The War The VA Is Sick of Your Inconvenient Diseases
posted by May 15 at 13:35 PMon
Today, the Department of Defense announced a $2.3 million award to the University of Cincinnati to study brain trauma and post-traumatic stress disorder.
But, according to an email leaked to a citizens’ advocacy group, VA bosses are discouraging social workers and psychiatrists from diagnosing PTSD in veterans because it’s inconvenient:
In the words of Melanie Sloan, the righteously outraged director of Citizens for Responsibility and Ethics in Washington, “the VA is calling on its employees to deliberately misdiagnose returning veterans in an effort to cut costs.”
Which isn’t just outrageous—it’s outrageously dumb.

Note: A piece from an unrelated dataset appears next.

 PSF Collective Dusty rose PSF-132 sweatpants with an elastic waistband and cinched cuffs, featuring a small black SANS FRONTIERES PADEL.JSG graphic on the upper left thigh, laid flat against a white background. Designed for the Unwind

Ignoring PTSD now will only cost the VA, with interest, in the next few decades. As this WSJ story reports, PTSD is both underreported and lasting:
Many military personnel are reluctant to seek counseling for PTSD because they are afraid that seeking help would harm their careers. A recent survey by the American Psychiatric Association found that 75% of military personnel felt that asking for assistance would reduce their chances for promotion.
Undoubtedly, some people fake PTSD—but the incentives lean towards underreporting, not overreporting.

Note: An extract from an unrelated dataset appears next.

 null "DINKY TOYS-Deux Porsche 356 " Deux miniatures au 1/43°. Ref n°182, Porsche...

Military officers and psychologists fear that veterans of the two wars will suffer mental-health problems for decades to come, a largely hidden cost of the current conflicts.
“There’s a financial cost to this, but more importantly there’ll be a cost in lives if we don’t get a handle on this problem now,” Sen. Christopher Bond (R., Mo.) said in a recent interview.
Money for research is good. Money for treatment is imperative.